Wednesday, March 12, 2008

"The sun never sets": Empire and Trade

A globalisation post that seeks to at least illustrate that globalisation is not a recent phenomenon. Famously, writer John Wilson once said of the British empire:

"His Majesty's dominions, on which the sun never sets,"

which was then simplified to ""the sun never sets on the British Empire."

All of which brings us back to the effect of empire on trade. In once sense the answer is obviously yes and probably to a significant extent. The reasons are also intuitively obvious - reduced transaction costs, common language, no trade barriers and of course, and relevant to today's Euro debate, a common currency.

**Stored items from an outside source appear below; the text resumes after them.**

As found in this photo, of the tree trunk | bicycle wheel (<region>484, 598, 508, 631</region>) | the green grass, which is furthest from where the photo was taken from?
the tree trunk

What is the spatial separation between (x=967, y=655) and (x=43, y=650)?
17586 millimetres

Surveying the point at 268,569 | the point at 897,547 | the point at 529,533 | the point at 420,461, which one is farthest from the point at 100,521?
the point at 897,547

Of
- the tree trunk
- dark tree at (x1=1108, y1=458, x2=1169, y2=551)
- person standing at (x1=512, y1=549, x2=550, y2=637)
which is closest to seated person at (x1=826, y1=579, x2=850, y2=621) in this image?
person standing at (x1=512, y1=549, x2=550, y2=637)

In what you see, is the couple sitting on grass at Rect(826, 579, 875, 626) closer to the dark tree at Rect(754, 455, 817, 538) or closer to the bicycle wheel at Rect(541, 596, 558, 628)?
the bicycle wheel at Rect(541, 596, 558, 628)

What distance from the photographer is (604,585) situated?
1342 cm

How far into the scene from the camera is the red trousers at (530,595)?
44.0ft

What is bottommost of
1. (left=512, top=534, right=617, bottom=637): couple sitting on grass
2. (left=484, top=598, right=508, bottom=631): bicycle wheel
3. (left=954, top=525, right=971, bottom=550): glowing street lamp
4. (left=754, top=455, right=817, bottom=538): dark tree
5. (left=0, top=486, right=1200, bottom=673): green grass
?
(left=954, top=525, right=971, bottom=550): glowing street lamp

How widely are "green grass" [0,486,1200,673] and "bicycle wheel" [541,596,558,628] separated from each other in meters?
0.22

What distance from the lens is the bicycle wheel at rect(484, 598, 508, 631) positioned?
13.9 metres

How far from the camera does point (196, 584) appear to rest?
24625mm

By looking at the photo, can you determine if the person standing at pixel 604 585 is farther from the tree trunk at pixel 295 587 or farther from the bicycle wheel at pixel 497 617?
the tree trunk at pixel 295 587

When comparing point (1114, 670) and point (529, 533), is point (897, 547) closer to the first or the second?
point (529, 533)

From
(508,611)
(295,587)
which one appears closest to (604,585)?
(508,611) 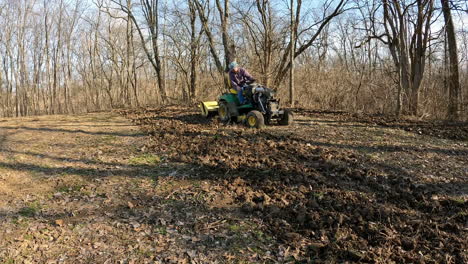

This new NBER paper uses a standard gravity approach to examine this issue.


Trade and Empire

Santa Clara University - Department of Economics; National Bureau of Economic Research (NBER)
Claremont McKenna College; National Bureau of Economic Research (NBER) January 2008

NBER Working Paper No. W13765

Although many modern studies find large and significant effects of prior colonial status on bilateral trade, there is very little empirical research that has focused on the contemporaneous impact of empire on trade. We employ a new database of over 21,000 bilateral trade observations during the Age of High Imperialism, 1870-1913, to quantitatively assess the effect of empire on trade. Our augmented gravity model shows that belonging to an empire roughly doubled trade relative to those countries that were not part of an empire. The positive impact that empire exerts on trade does not appear to be sensitive to whether the metropole was Britain, France, Germany, Spain, or the United States or to the inclusion of other institutional factors such as being on the gold standard. In addition, we examine some of the channels through which colonial status impacted bilateral trade flows. The empirical analysis suggests that empires increased trade by lowering transactions costs and by establishing trade policies that promoted trade within empires. In particular, the use of a common language, the establishment of currency unions, the monetizing of recently acquired colonies, preferential trade arrangements, and customs unions help to account for the observed increase in trade associated with empire.